Get ready to Raleigh—rolling on asphalt, shaking a tail feather,
saddling a blue English 3-speed bicycle. As the Sixties and Seventies brewed concern over air pollution from
automobile exhaust and the energy crisis worsened, the bicycle increased in popularity. The formation of bike
lanes and bike paths ensued. Naturally, this was no concern of mine when I turned ten in 1961. I just wanted
to learn how to ride a two-wheeler. The girl across the street taught me how to get a running start, jump on
the saddle, and ride her Raleigh cold turkey with no training wheels on a driveway the size of a parking lot.
Commiserate with my proficiency, I bugged and begged my dad for a Raleigh. No pun intended, he tired of
denying my request, citing the danger of flipping over the handlebars when applying the handbrakes.
Much to my lament, the Sixties high-rise bicycle, a 20-inch
wheelie for children became the success story of the decade—the Schwinn Sting-Ray followed by the classic cruiser,
Schwinn Phantom. Phooey! Wider tires and wheels were not my speed. I didn’t aspire to become one out of the one
million cyclists sitting on a Schwinn by the end of the decade.
My dad who braved snowstorms to get his girls what they wanted for
Christmas while we gave Santa all the credit, pulled through again like a reindeer flying through the midnight
clear. That Christmas a black Royce Union balanced on its kickstand in the living room. Okay, the tires weren’t
skinny minis as those on the coveted Raleigh, but they weren’t balloon tires either. Foot brakes rather than
handbrakes would pull all the stops, but its appearance passed muster with me.
That winter I contented myself bike riding down the basement until
Spring. By then my bike was road ready-- pimped with colorful streamers on the hand grips, a wire basket suspended
from the handlebars, and a foxtail dangled from the rear fender. I thought I was a big wheel taking to Angell Road
and the cul de sac on Linfield Circle. You might say my own tires deflated the day I rode too close to the edge of
the embankment in my backyard and tumbled off of it into the woods, my bike landing on top of me. As usual, my
sister had my back and screamed for my mother to save me.

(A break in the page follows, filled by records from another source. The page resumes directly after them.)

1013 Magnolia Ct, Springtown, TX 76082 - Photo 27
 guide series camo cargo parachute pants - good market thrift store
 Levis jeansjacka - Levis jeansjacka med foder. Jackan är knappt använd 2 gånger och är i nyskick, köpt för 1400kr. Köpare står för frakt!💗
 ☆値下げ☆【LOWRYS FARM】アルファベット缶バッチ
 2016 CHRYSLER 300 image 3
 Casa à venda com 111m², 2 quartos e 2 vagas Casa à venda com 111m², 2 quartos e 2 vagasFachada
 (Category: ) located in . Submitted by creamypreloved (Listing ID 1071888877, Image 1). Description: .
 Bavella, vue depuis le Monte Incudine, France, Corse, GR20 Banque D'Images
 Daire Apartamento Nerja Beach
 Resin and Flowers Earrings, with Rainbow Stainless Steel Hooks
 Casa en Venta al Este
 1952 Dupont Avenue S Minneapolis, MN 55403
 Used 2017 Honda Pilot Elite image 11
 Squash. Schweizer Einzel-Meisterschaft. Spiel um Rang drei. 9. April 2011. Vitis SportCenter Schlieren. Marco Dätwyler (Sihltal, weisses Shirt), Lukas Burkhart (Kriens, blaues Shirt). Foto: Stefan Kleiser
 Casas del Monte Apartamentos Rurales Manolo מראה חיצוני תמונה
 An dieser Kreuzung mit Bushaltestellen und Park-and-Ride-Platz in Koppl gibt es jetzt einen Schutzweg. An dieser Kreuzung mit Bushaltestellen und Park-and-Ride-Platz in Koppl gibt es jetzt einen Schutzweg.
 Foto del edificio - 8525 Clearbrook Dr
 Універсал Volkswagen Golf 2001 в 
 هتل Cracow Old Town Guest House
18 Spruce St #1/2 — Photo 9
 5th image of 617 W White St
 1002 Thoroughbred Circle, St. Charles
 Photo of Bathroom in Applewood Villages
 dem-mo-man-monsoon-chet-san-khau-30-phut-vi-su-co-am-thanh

By the time Mother scrambled down the hillside I’d gotten my wind
back after the handlebar thrust itself into my abdomen during the plunge. Seeing I wasn’t the worst for wear, my
mother picked up the Royce Union and flung it aside. After checking me for major wounds and finding only scrapes
and scratches, she gave my hind quarters a good whack as a reaction to my foolhardiness. Though a liberal when
applying lethal Mercurochrome, she was a right wing conservative when it came to doling out sympathy. If there were
more mothers like mine there’d be a few less wusses in the world.